D: Lei stesso ha parlato di club che acquistano calciatori giovanissimi per cifre stratosferiche, addirittura decine di miliardi: ma di questo passo dove andremo a finire ?? Quanto puo’ influire una cosi’ grossa responsabilità economica sulla psicologia di un calciatore ancora in erba ??

R: Ripeto, non capisco come alcuni club italiani possano cercare giovani fuori pagandoli a prezzi d’oro in centri di formazione francesi per rivenderli il doppio. Penso che la maggior parte dei talenti si trovi in Italia e credo anche che si dovrebbe rivedere la formazione tecnica e fisica, che e’ un po’ vecchia. I club professionisti si dovrebbero impegnare di piu’ a creare dei buoni centri di formazione dato le che esistono le possibilità finanziare. Io vivo in Francia attualmente e so come funzionano, come reclutano, come lavorano. Io stesso sono uno che si occupa di formazione all’interno di un club, e sono anche pronto ad aiutare, servendomi della mia esperienza, qualsiasi club che desiderasse il mio aiuto e la mia consulenza.

D: Qual è quindi il segreto che ogni squadra dovrebbe conoscere per sviluppare il proprio settore giovanile ??

R: Non ci sono segreti, dato che prima o poi si viene a sapere tutto. Anche se io ho un metodo che mi sforzo di mantenere segreto, perché è inedito e mi dà eccellenti risultati, al punto che società professioniste sorprese dai risultati che ottengo mi chiedono di frequentare degli stages tenuti da me. Io mi sono sempre rifiutato perché questo è un metodo che richiede tempo e pazienza, e dato che loro volevano dei risultati immediati questo metodo non é applicabile alle loro richieste. Bisogna lasciare ai giovani il tempo di imparare senza turbarli e metterli sotto troppa pressione. Perché “imparare é vincere”, come dico sempre ai miei ragazzi.
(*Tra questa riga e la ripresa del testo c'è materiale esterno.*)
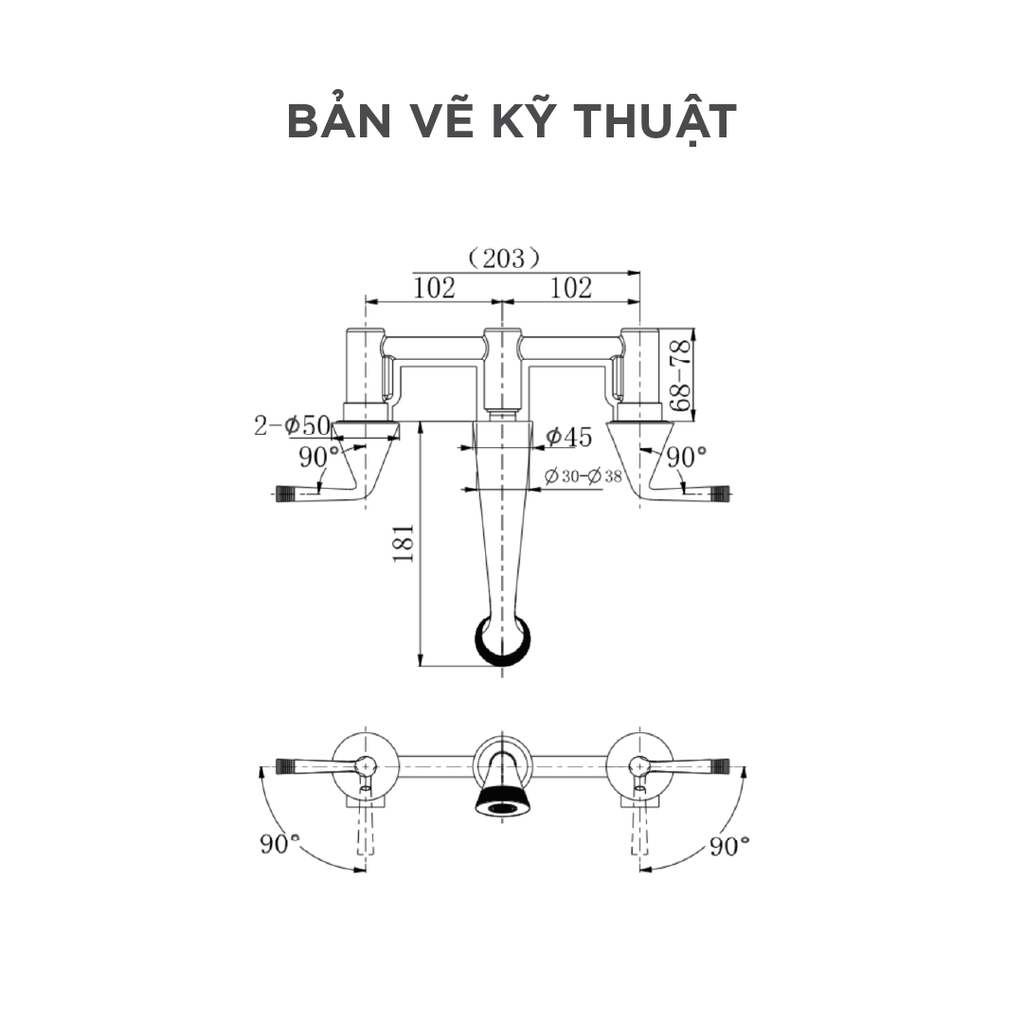 Vòi lavabo nóng lạnh Arrow ARM23855LF90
D: Il caso doping, almeno in Italia, è sulla bocca di tutti. Lei che ne pensa a proposito ?? Non teme che il fenomeno possa in breve tempo estendersi anche alle formazioni giovanili, con gravissime conseguenze ??

R: Il doping è la peggiore cosa che potesse succedere al calcio. Si pensava che questo fenomeno fosse al di fuori di questo sport, si credeva che soltanto gli sport individuali come il ciclismo, l’atletica ed il sollevamento pesi fossero interessati dal fenomeno. Alcune persone con pochi scrupoli invece hanno pensato che aumentando la massa muscolare degli atleti sarebbe aumentato anche il loro rendimento come la velocità, anche se a discapito dell’eleganza e sopratutto della tecnica! Sono lieto di non credere che i giovani, per lo meno i giovanissimi, non siano interessati da questo triste fenomeno. Anche se a questo punto tutto è possibile.

D: Lei conosce abbastanza bene anche l’orizzonte giovanile italiano. Qual è il ragazzo che le sarebbe piaciuto allenare (a parte i vari Cassano, Pirlo, ecc.) ??

R: Non saprei farle il nome di un giovane in particolare, ma se devo dare la mia opinione, una squadra che avrei voluto allenare è la Under 16 italiana che ho visto di recente agli Europei di categoria, e che mi ha fatto una buona impressione.